• [PROBLEM STATEMENT]
Here the job is to retype the data word for word while leaving the pictures aside.

• [SOURCE MATERIAL]
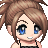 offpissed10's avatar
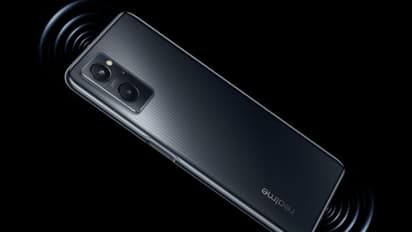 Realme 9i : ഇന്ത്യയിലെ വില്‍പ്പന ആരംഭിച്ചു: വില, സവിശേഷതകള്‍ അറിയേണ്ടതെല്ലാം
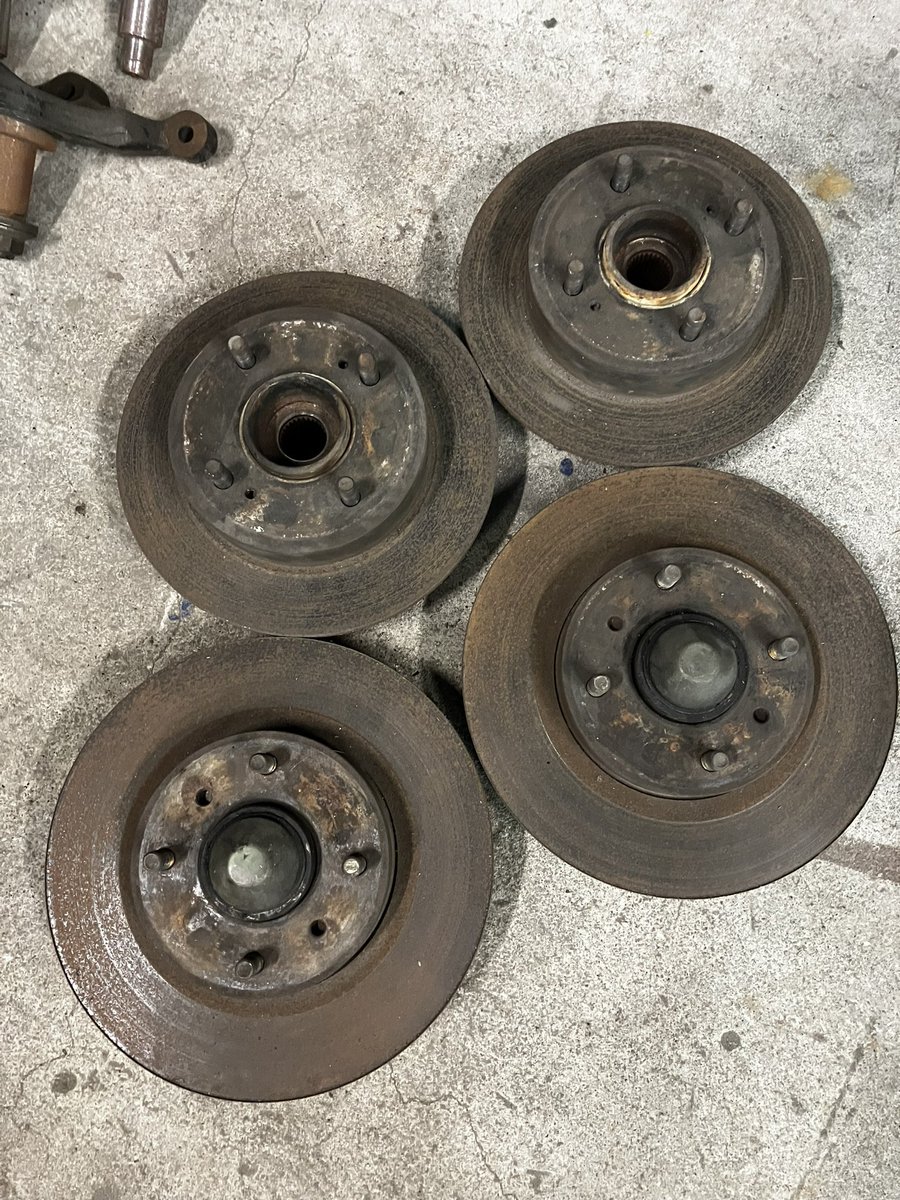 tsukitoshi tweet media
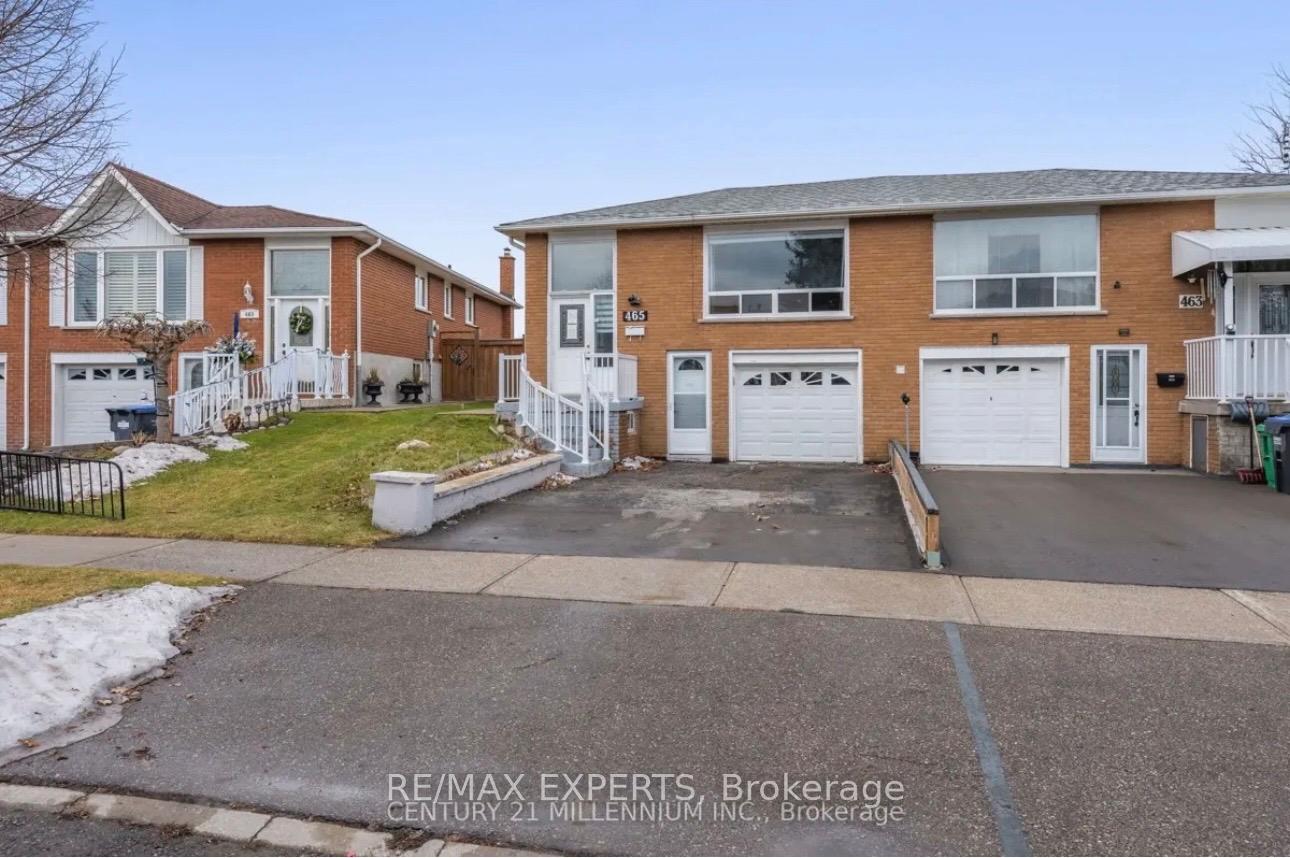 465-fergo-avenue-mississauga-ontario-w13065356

• [REPLY]
 offpissed10's avatar
 Realme 9i : ഇന്ത്യയിലെ വില്‍പ്പന ആരംഭിച്ചു: വില, സവിശേഷതകള്‍ അറിയേണ്ടതെല്ലാം
 tsukitoshi tweet media
 465-fergo-avenue-mississauga-ontario-w13065356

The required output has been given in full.